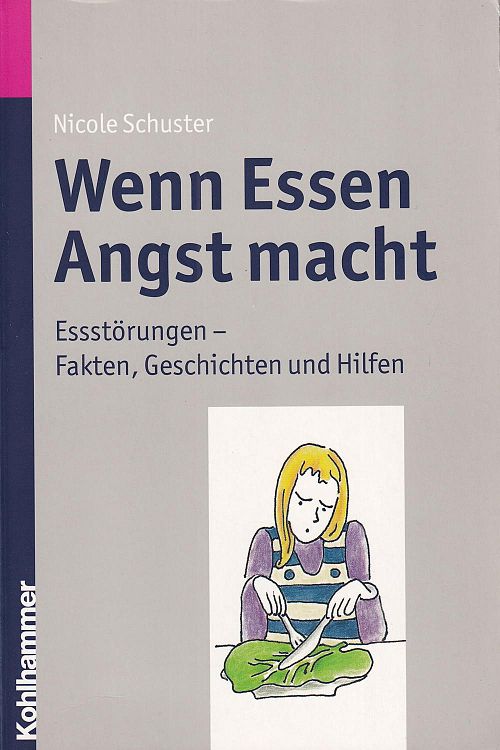 Wenn Essen Angst macht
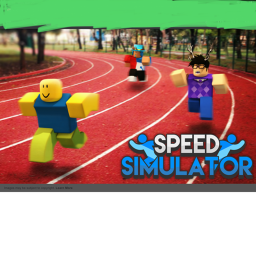 Speed simulator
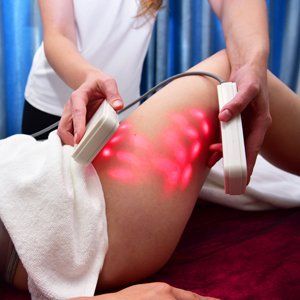 Laser Lipo Body Contouring Lights Laser Lipo Body Contouring Lights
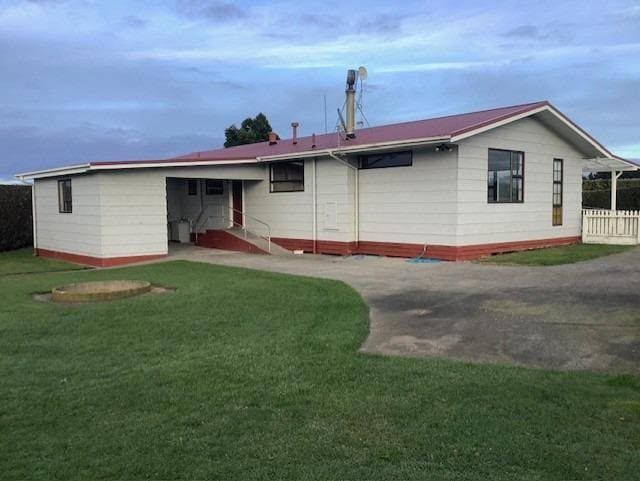  at 416 Wilson Road, Patea, South Taranaki, Taranaki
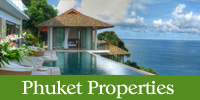 Phuket Properties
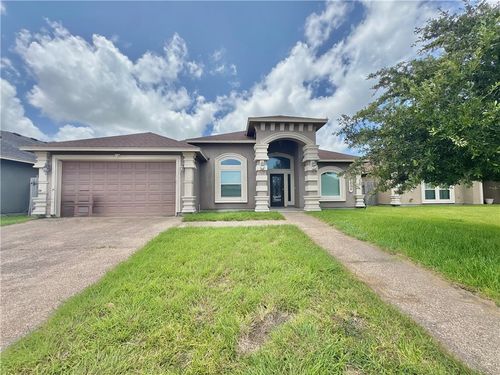 6805 Sir Moses, Corpus Christi, TX, 78414-6351 | Card Image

_Required work_
Pictures do not belong in the copy. Please reproduce the entries above exactly otherwise.

_Task result_
 Wenn Essen Angst macht
 Speed simulator
 Laser Lipo Body Contouring Lights Laser Lipo Body Contouring Lights
  at 416 Wilson Road, Patea, South Taranaki, Taranaki
 Phuket Properties
 6805 Sir Moses, Corpus Christi, TX, 78414-6351 | Card Image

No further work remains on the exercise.